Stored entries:
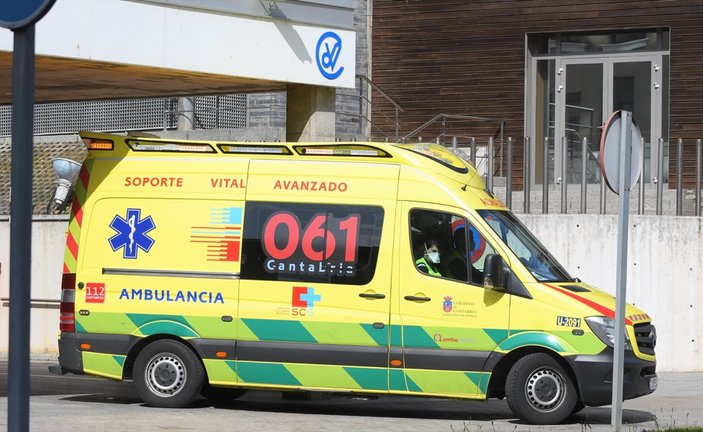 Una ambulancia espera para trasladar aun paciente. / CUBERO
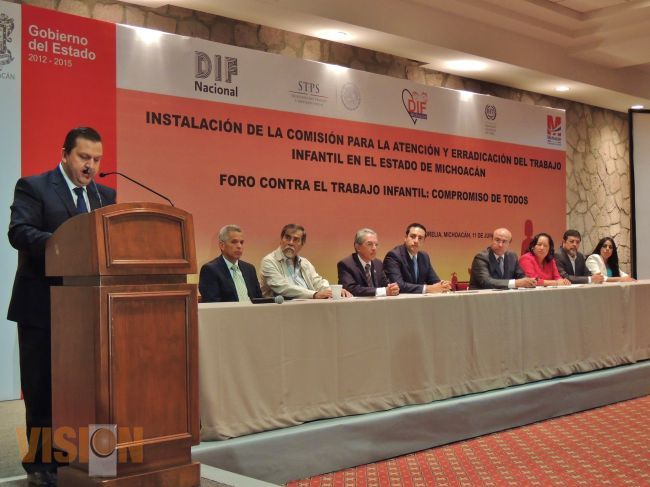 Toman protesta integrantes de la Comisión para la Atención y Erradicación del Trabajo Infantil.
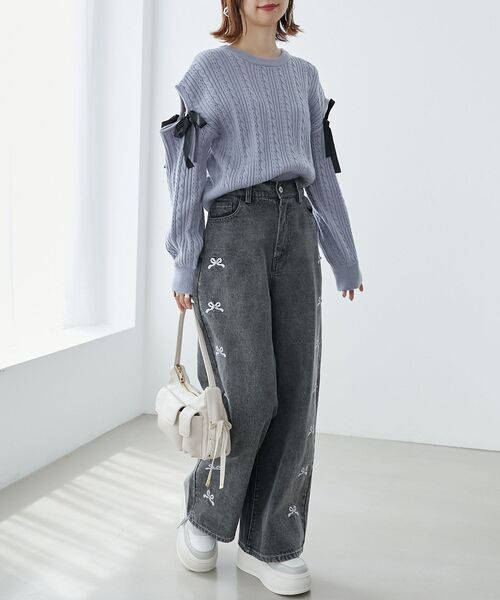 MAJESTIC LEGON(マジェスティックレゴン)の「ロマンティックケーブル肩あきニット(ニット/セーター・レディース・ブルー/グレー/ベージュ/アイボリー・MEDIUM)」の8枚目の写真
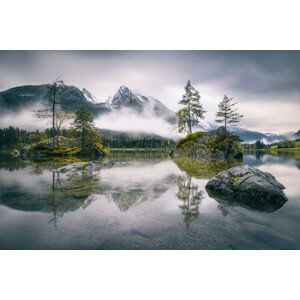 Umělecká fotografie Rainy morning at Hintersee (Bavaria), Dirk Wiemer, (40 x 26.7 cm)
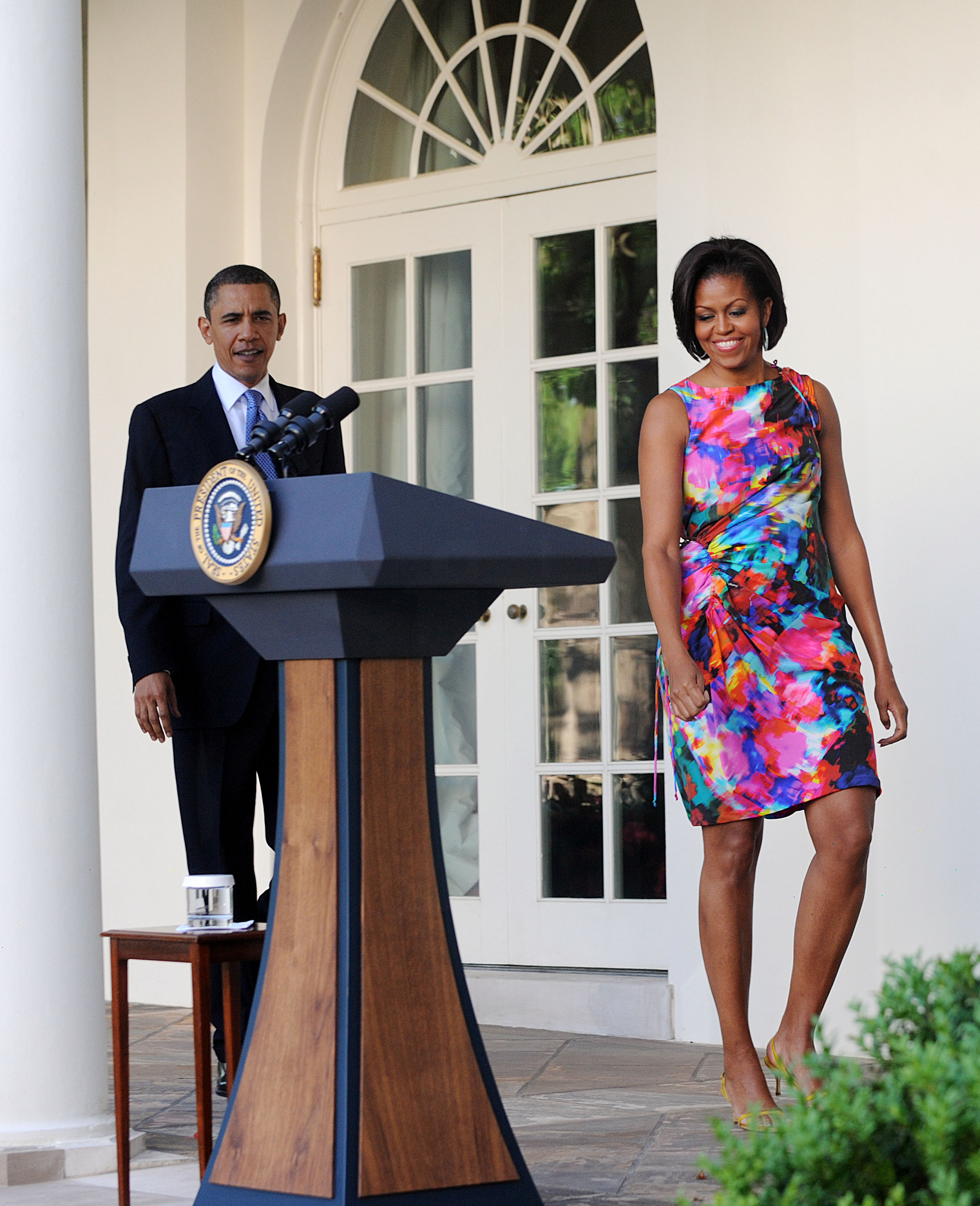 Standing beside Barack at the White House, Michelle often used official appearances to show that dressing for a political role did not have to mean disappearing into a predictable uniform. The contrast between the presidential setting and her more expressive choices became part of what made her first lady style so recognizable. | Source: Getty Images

● Aim of the exercise
Nothing but the lines from the start of the records above through the line with "Umělecká fotografie Rainy" should be retyped, each exactly as written; leave out all pictures.

● Answer area
 Una ambulancia espera para trasladar aun paciente. / CUBERO
 Toman protesta integrantes de la Comisión para la Atención y Erradicación del Trabajo Infantil.
 MAJESTIC LEGON(マジェスティックレゴン)の「ロマンティックケーブル肩あきニット(ニット/セーター・レディース・ブルー/グレー/ベージュ/アイボリー・MEDIUM)」の8枚目の写真
 Umělecká fotografie Rainy morning at Hintersee (Bavaria), Dirk Wiemer, (40 x 26.7 cm)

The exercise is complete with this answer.